PDA

View Full Version : Faster Rendering Ideas



Orgun109uk
04-06-2009, 04:46 PM
Hi all,

I am in the process of writing an engine for a possible future MMO project, and trying to think of ways to speed up the processing and rendering times.

I have everything stored in TList classes, which works great when i have a few hundred model instances, but when i start to get in to the thousands its starts to take its toll.

The engine at the moment can handle 5,000 model instances (712 Polygons each) with out to much of a speed impact, even with GL Picking. However, things start to seriously slow down as i reach the 10,000 and 20,000+ regions.

I plan on using an octree, but since the game may have around 100,000+ instances in the view at a time, this wont help too much.

Does anyone have suggestions on speeding things up?

Can i use VBO commands in a glList? and if i can, can i use vector pointers in opengl to update the positions and rotations?

Many Thanks

NecroDOME
04-06-2009, 05:17 PM
You could use some quadtree/octree optimizations ( http://en.wikipedia.org/wiki/Octree ).

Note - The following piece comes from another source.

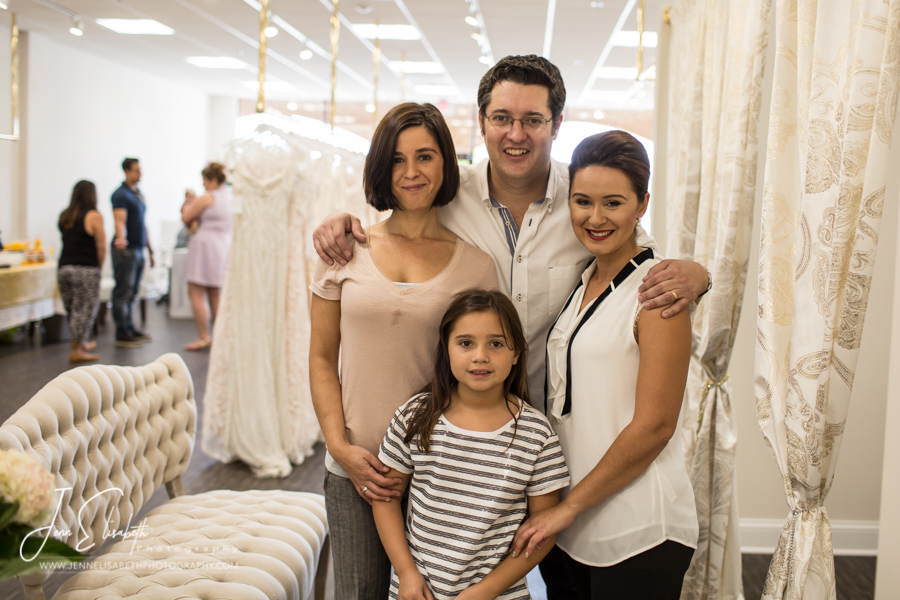 Bridal Boutique Grand Opening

This way you only access the objects that are visible to the player.

When objects are not visible and not nearby (say a few miles away) you don't see them, so you don't have to load them. You can load them in separate threads as you like to not stall your game. They call it content streaming. So the best optimization is just to load only the things that you can see or interact with.

Orgun109uk
04-06-2009, 07:25 PM
Hi NecroDOME, thanks for the reply.

I am currently adding 2 octrees, one for the units and the other for the scene/world. However currently this only increases the number of loops and slows the processing and rendering down even more.

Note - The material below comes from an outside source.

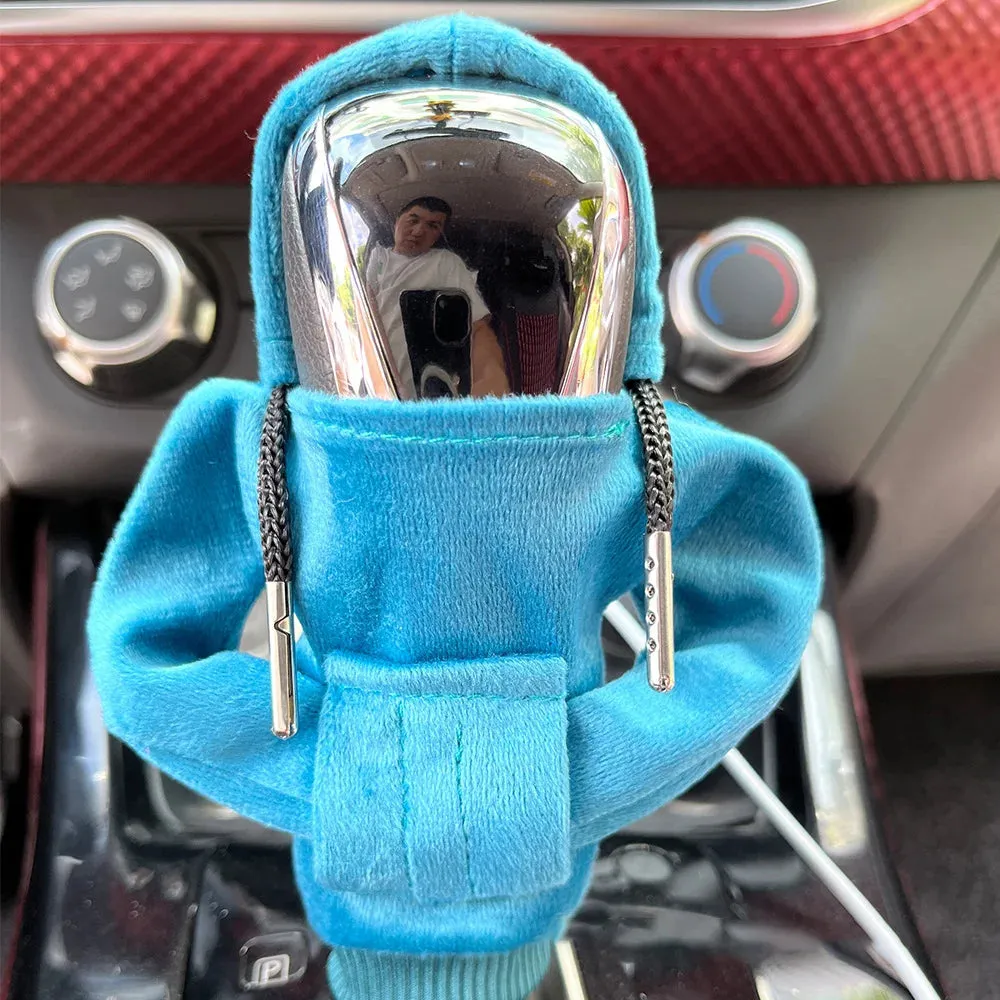 Shift Knob Hoodie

I can render around 20,000 objects (in view) comfortably at the moment, but this will increase to around 100,000 objects (in view).

Hope this makes sense...

Basically the game will be an MMO-RTS sort of game, so a player could have thousands of units in view, and structures, etc. Not including other players units coming into view.

chronozphere
04-06-2009, 09:52 PM
For rendering, I'd use frustum culling. It's very easy and accurate. :)

And batching also helps alot. Make sure that you group your render calls as much as possible to reduce the ammount of state changes (changing model, texture, shader etc).

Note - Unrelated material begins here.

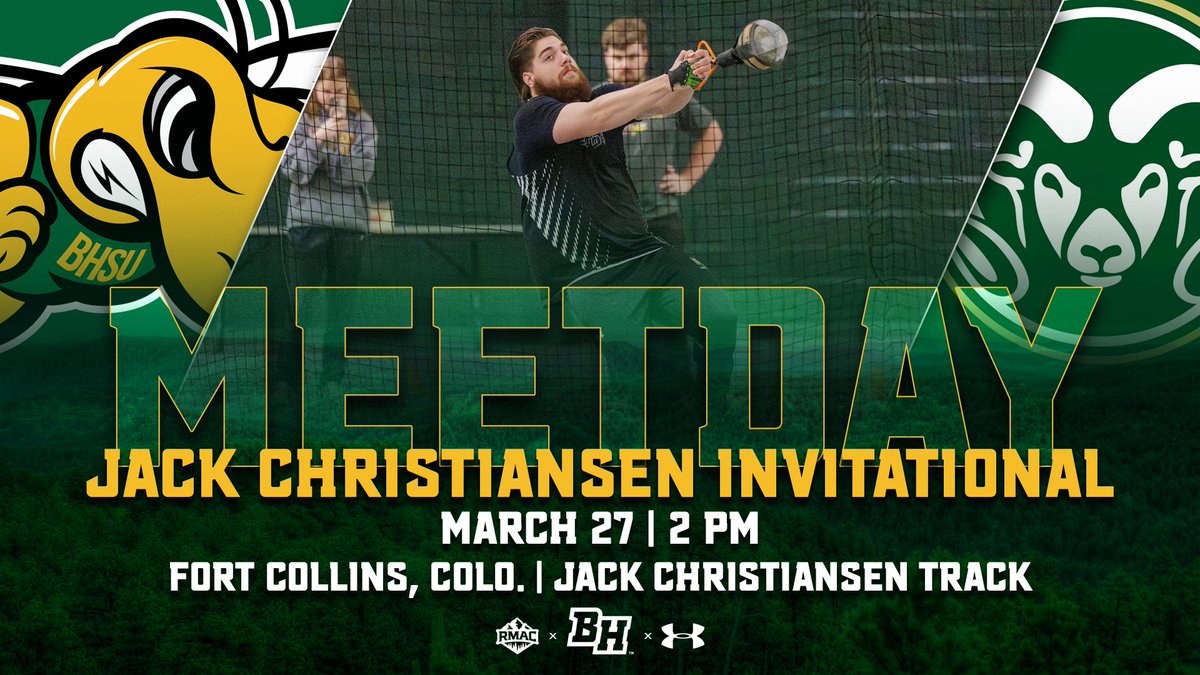 Black Hills State Athletics tweet media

Whenever possible, try to render the stuff in front first, because it reduces the ammount of overdraw. Overdraw can slow things down considerably, especially when you are using fancy shaders. Deferred rendering could help here, but you would probably need to re-design your render-module, if you want to use that.

Traveler
04-06-2009, 09:56 PM
This is not exactly an answer to your question and I know I do not have any details about the game but, I do wonder if such numbers are really necessary? I realize that being able to render such an enormous amount, sounds very cool from a technical point of view, as a gamer I probably would have a lot of problems making out what is happening, let alone controlling (all) these units.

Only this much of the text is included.